═════ DATASET CONTENT
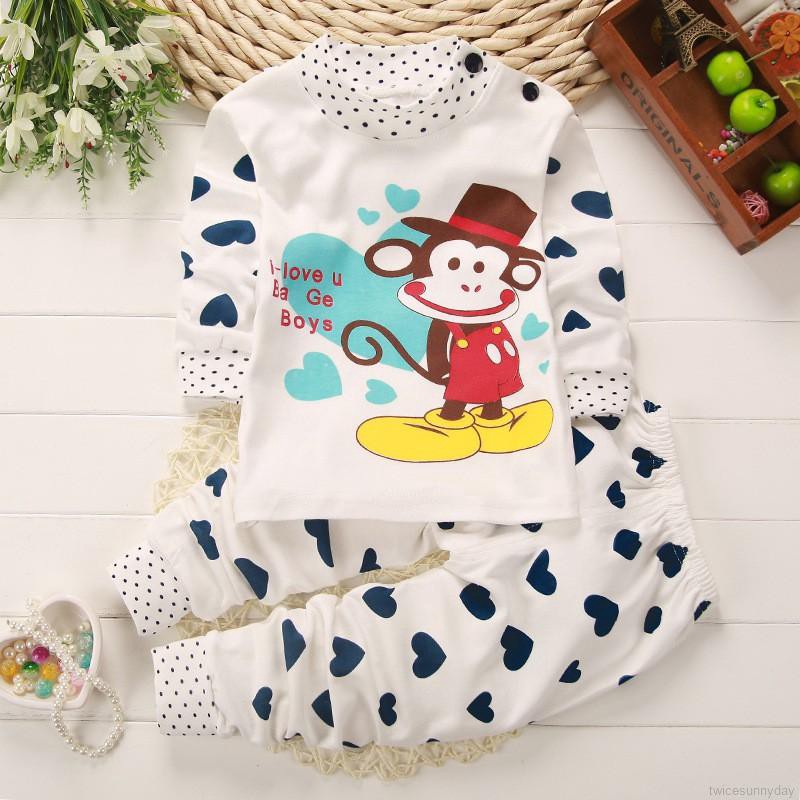 Bộ quần áo ngủ tay dài phong cách hoạt hình dành cho bé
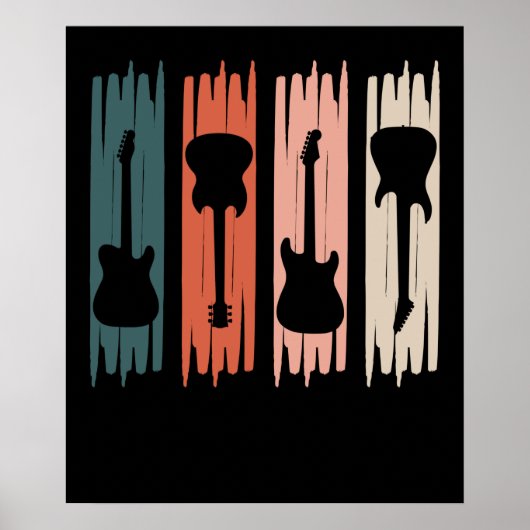 Retro Guitar Music Player Musician Gitarrist Graph Poster (Vorne)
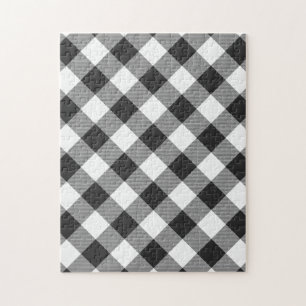 White Black Buffalo Check Plaid Pattern Jigsaw Puzzle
══════════
## WHAT THIS TASK INVOLVES
Pictures stay out; reproduce exactly the lines from the one containing "Retro Guitar Music" through the end of the data.

## ANSWER TO THE PROBLEM
 Retro Guitar Music Player Musician Gitarrist Graph Poster (Vorne)
 White Black Buffalo Check Plaid Pattern Jigsaw Puzzle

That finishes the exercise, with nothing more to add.